Washtneaw County economic development specialist Nathan Voght said that Brownfield plans are designed to help companies and individuals redevelop properties that otherwise would be unusable due to environmental contaminations or other concerns.

“They are going to be putting about $4.4 million into the redevelopment, and then a bunch of the activities that go into redeveloping the property can be eligible as Brownfield under the act,” he said.

“That can include contamination cleanup, asbestos, demolition and other activities.”

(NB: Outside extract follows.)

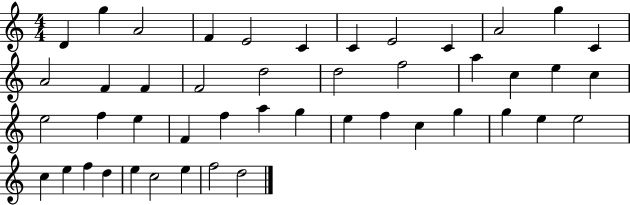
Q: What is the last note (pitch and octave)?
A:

According to the preliminary proposal, Jiffy Mix will be requesting approximately $450,000 in Brownfield funding for the project. That funding would be taken out of the increase in taxes that will result from the higher property value once the redevelopment is completed.

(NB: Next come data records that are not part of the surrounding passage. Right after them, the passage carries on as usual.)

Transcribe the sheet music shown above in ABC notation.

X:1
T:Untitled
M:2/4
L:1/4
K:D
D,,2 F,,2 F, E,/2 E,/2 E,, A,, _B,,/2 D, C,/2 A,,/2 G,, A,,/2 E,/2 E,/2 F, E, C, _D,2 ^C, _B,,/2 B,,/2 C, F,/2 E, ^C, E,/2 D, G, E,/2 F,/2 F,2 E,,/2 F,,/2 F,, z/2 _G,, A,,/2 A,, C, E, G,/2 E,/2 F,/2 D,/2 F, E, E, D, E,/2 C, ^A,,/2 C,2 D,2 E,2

“So it’s not taking any existing tax base money,” Voght said.

“It’s taking future tax increases for a certain period of time. Then when it’s done and the Brownfield expires everyone realizes the benefit of the increased value.”

Jiffy said in its proposal that it plans to have a substantial amount of construction work done on the site by August 2014.

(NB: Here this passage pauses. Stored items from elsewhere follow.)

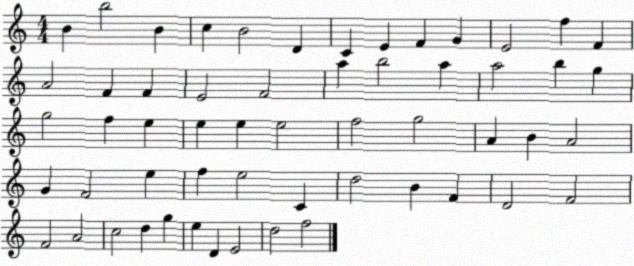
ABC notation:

X:1
T:Untitled
M:4/4
L:1/4
K:C
B b2 B c B2 D C E F G E2 f F A2 F F E2 F2 a b2 a a2 b g g2 f e e e e2 f2 g2 A B A2 G F2 e f e2 C d2 B F D2 F2 F2 A2 c2 d g e D E2 d2 f2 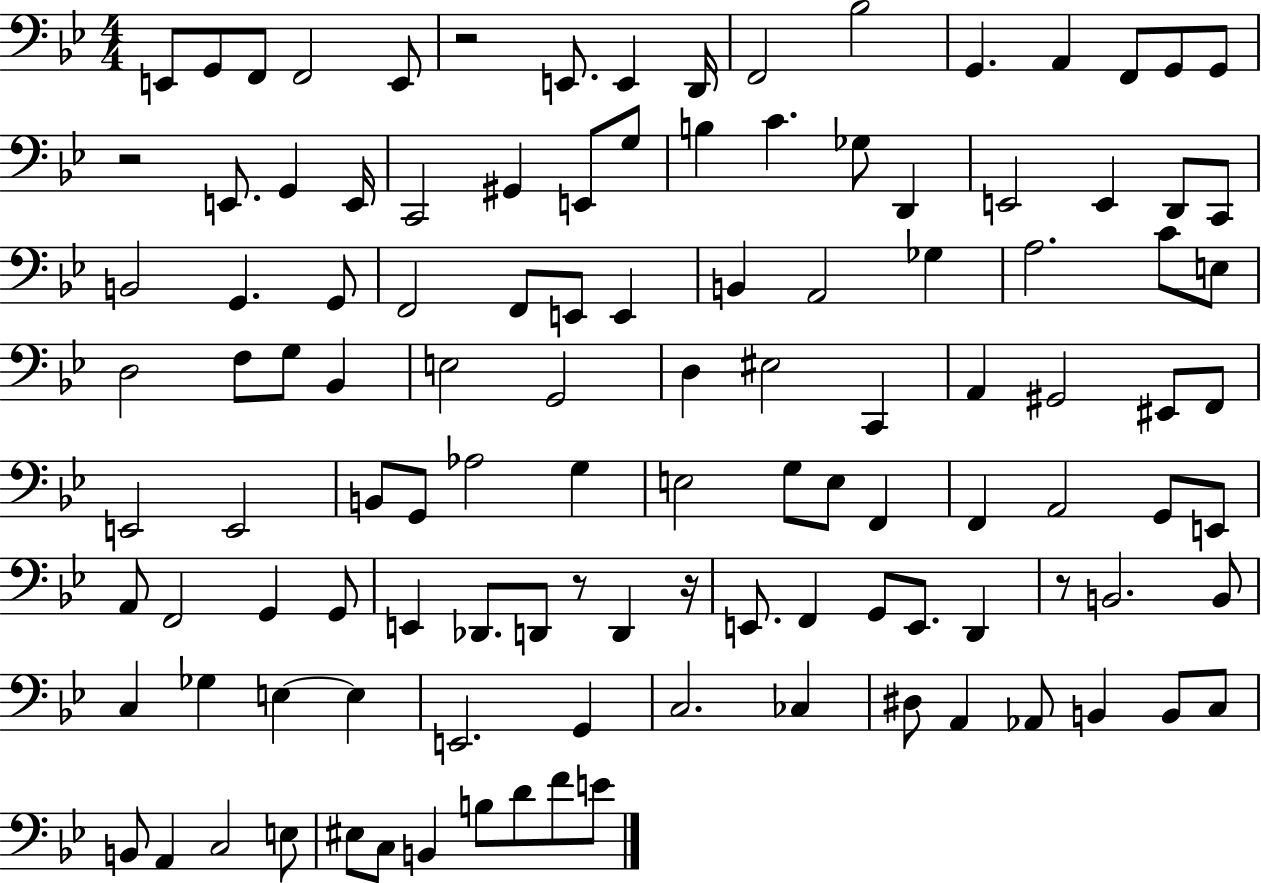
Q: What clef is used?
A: bass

According to city records, an LLC registered to Chelsea Milling Company CEO Howdy Holmes bought the 4.4-acre property adjacent to the Jiffy Mix factories in December 2012 from the city of Chelsea. The building, which is adjacent to Jiffy Mix’s factories, was last assessed by the state at $286,620 with a land value of $187,600.

Ben Freed covers business for You can sign up here to receive Business Review updates every week. Get in touch with Ben at 734-623-2528 or email him at Follow him on twitter @BFreedinA2



Wed, Aug 28, 2013 : 2:36 p.m.

The city has already lost big time on this property. Bought it for just under a million, sold it for around $200,000.00 Stay tuned for the Longworth building


Wed, Aug 28, 2013 : 10:01 a.m.

Good for Chelsea and Jiffy Mix. Nathan Voght work for the city of Ypsilanti at one time and was difficult to work with good luck


Wed, Aug 28, 2013 : 3:51 a.m.

Good for Jiffy! I didn't know they were local, but always liked their products. Supporting a company like this is just what we need to do.


Wed, Aug 28, 2013 : 3:25 a.m.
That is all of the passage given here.